RIVER HEBERT – Local high school students received some payback for their community efforts Monday morning, in the form of a new $25,000 computer lab.
River Hebert District High School was one of only 10 schools across the country to be awarded for their eco-achievement efforts in a national contest by Staples, whose representatives were on hand to announce the prize at a surprise assembly at the school on May 5.
Student projects such as the creation of pollinator bee houses; partnership with local Broadfork Farms on organic foods; and the construction of numerous raised gardens at the local seniors complex, the Joggins Fossil Centre, a local grocery store and a women’s shelter earned the school a win in the Staples Canada Recycle Your Education Computer Lab Contest.

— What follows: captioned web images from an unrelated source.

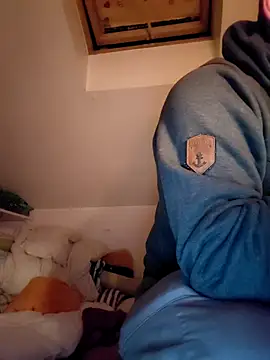 Snapshot of Bartzrl chatting on November 2025 01:38:01 AM Bartzrl online show from November 2025 01:38:01 AM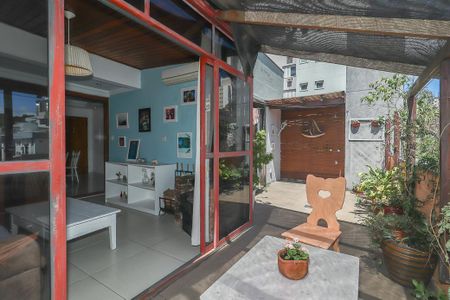 Varanda de apartamento para alugar com 2 quartos, 113m² em São João, Porto Alegre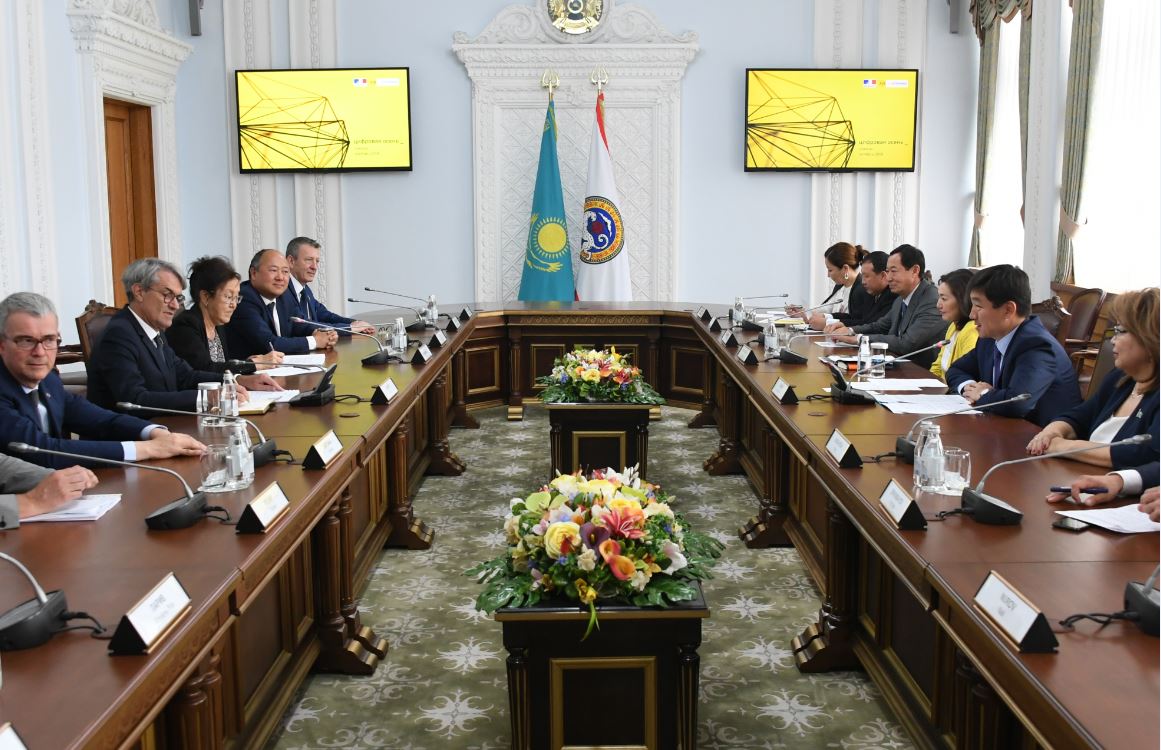 Almaty ákimdiginde Fransııamen mádenı yntymaqtastyq máselesi talqylandy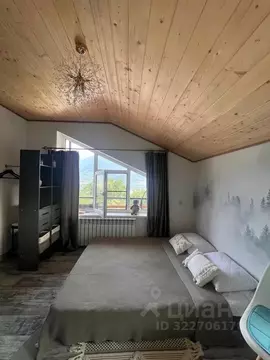 Дом в Карачаево-Черкесия, Теберда Карачаевский городской округ, ул. ...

“When I have the opportunity to sit down and review the things we’ve done, I see we are a very small school but we have a very big impact on our community,” said Principal Vernon Taylor.
The school partners with the River Hebert and Area Garden Club on many of these projects, and also participates in Seeds of Diversity Canada, which shares seeds and plant material.
Taylor credited the students and their teacher, Tony Eaton, for making significant contributions to sustainable environmental initiatives.
“On numerous occasions, it has been stated that River Hebert District High is not a school in a community; it’s a community school,” he said.
The announcement was kept close under wraps for the past week, and was not even known to Eaton or his students until Monday’s surprise announcement, when Gina Gruz, manager of the Staples outlet in Truro, was assisted by local students in tearing the paper of the sign announcing the $25,000 prize for River Hebert.
“Your school will be partnering with us over the next number of weeks to decide what kind of technology you want at your school, and to enhance what you already have,” said Gruz. “The timing with your new renovations will be perfect.”
Loud applause erupted from the students when the announcement was made, and Eaton was equally impressed. But he said the benefits to the students of participating in these types of projects goes far beyond winning contests.
“It’s important for the students to learn about sustaining our Bay of Fundy ecosystems, and they enjoy doing it,” he said. “The benefits to the students, and to the community are endless.”